Quinn v. CALIFORNIA SHIPBUILDING CORPORATION

76 F. Supp. 742 | S.D. Cal. | 1947

76 F. Supp. 742 (1947)

QUINN
v.
CALIFORNIA SHIPBUILDING CORPORATION et al.

No. 6340.

District Court, S. D. California, C. D.

September 22, 1947.

Edward Feldman and James Wolf, both of Los Angeles, Cal., for plaintiffs.

Thelen, Marrin, Johnson & Bridges, of Los Angeles, Cal., for defendant California Shipbuilding Corp.

HALL, District Judge.

The complaint herein was filed January 24, 1947, under the Fair Labor Standards Act, 29 U.S.C.A. § 201 et seq.

The first cause of action is based entirely on the now familiar "Portal to Portal" claims.

The second cause of action sounds in contract which allegedly required additional compensation for time worked by plaintiffs in excess of eight hours per day and forty hours per week. It alleges plaintiffs worked in excess of such requirements without either giving the nature and character of their basic work, or such excess work, the date of the contract, or the dates of any period of employment or work by all or any of the plaintiffs.

*743 Motions to dismiss were filed and by stipulation were continued from time to time until after the passage of the Portal-to-Portal Act on May 14, 1947, 29 U.S.C.A. § 251 et seq. Thereafter on May 16, 1947 a new motion to dismiss was filed incorporating the ground of jurisdictional lack, because of the provisions of the Portal-to-Portal Act, and reasserting the attack upon the Second Cause of Action on the ground of lack of diversity and jurisdictional amount.

It is that motion which is now here for decision:

First: That the United States District Court is a court of limited jurisdiction controlled by grants of power through acts of Congress, is a proposition so well recognized that it should need no buttressing of cited cases.
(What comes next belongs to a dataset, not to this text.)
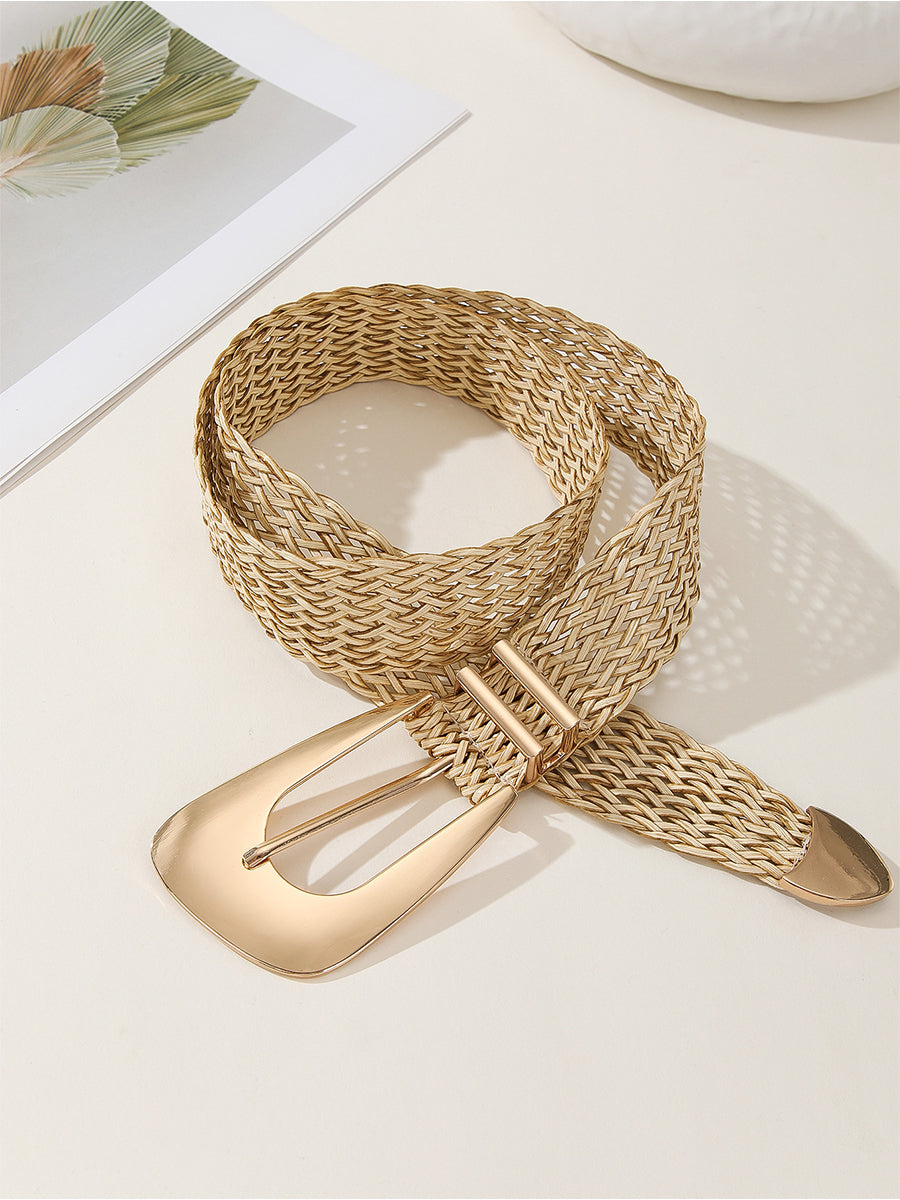 Women's Gold Chic Cotton And Linen Braided Imitation Metal Belt MDA1606H0I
That the power to grant jurisdiction to the District Courts includes the power to withdraw jurisdiction is likewise settled, and has been reaffirmed repeatedly by the United States Supreme Court in many cases, among them being Hallowell v. Commons, 239 U.S. 506, 36 S. Ct. 202, 60 L. Ed. 409; Kline et al. v. Burke Construction Co., 260 U.S. 226, 43 S. Ct. 79, 67 L. Ed. 226, 24 A.L.R. 1077; Lockerty et al. v. Phillips, 319 U.S. 182, 63 S. Ct. 1019, 87 L. Ed. 1339.

It follows that the provisions of the Portal-to-Portal Act withdrawing jurisdiction of the matters therein specified are Constitutional.
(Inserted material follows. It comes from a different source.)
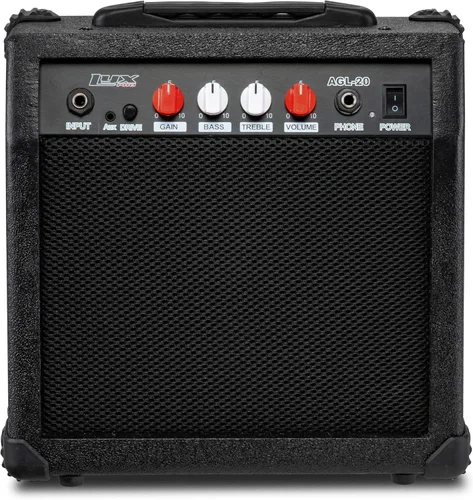 LyxPro Amplificador de guitarra eléctrica de 20 W, altavoz incorporado, conector para auriculares y entrada auxiliar que incluye ganancia, graves,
Second: And the allegations of the First Cause of Action show a state of facts specified in the Portal-to-Portal Act as being withdrawn from the jurisdiction of this Court.

Jurisdiction must affirmatively appear from the pleading. If this were not so, and the alternative contended by plaintiffs were the rule, then the courts would have to await the conclusion of all trials before passing on that question, which is the first one present in every case in the Federal Courts. And the courts and litigants would be burdened with excessive and needless litigation, which is one of the matters of paramount public right and interest Congress declared in Section 1 of the Portal-to-Portal Act should be avoided.

If facts exist which give jurisdiction, it takes no trouble to state them. A law suit should not be a game to see how far the rules of simplified pleading permitted by the Federal Rules of Civil Procedure, 28 U.S.C.A. following section 723c, can be stretched.

The motion to dismiss the first cause of action is granted and plaintiff has 30 days to amend, failing which a final judgment of dismissal will be entered.

Inasmuch as plaintiffs must amend, it will be better to await their amendment before passing on the motions to dismiss the second cause of action.